A panel of legal advocates urged the Joint Committee on Housing to pass bills that limit or ban common rental housing ‘‘junk fees’’ and close loopholes that let brokers or third parties impose upfront costs.
Speakers from the National Consumer Law Center, Greater Boston Legal Services and Massachusetts Law Reform Institute gave concrete examples: application and background check fees; payment‑portal convenience charges; flat monthly late fees that compound; and landlord accounting practices that treat fees as rent, jeopardizing tenants’ ability to cure arrears and avoid eviction.

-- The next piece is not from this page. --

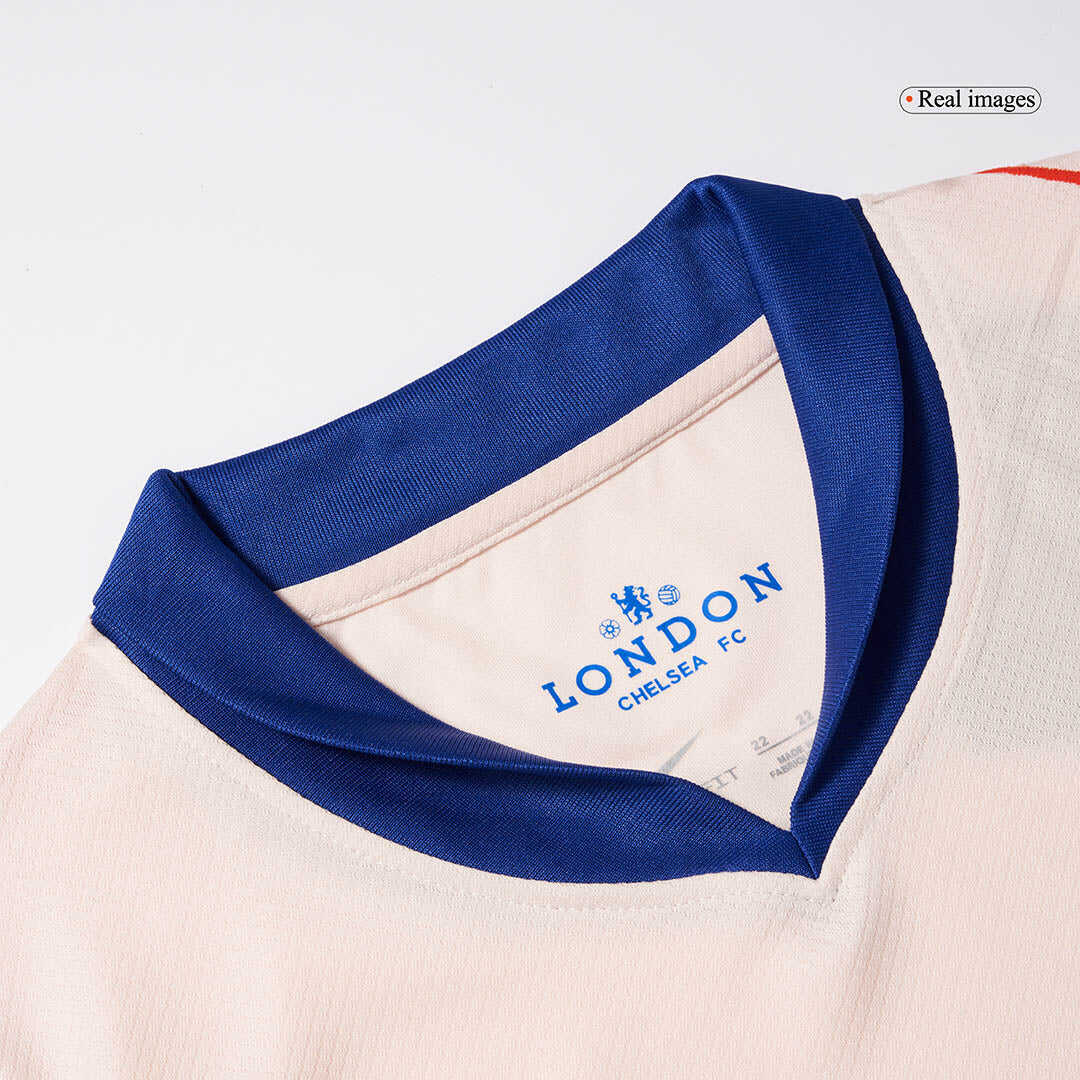 Chelsea Away Kids Soccer Jerseys Kit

Testimony described provisions that would (a) limit the types of mandatory fees landlords may collect, (b) cap late fees (witnesses described $50 maximum in some proposals), (c) require fees to be optional and clearly disclosed in leases with opt‑out procedures, and (d) prohibit landlords from charging attorney’s fees unless a court has awarded them. The bills also seek to bar counting fees as rent in ways that prevent tenants from curing arrears.
Tenant stories at the hearing recounted illegal or excessive fees that led to temporary homelessness or lengthy court fights; advocates said the changes would be particularly consequential for Black, Latinx and low‑income renters who face disproportionate fee burdens.
Committee members asked about interactions with recently passed statewide broker‑fee bans and whether regulations should be updated to coordinate with Attorney General guidance. No committee vote was taken at the hearing.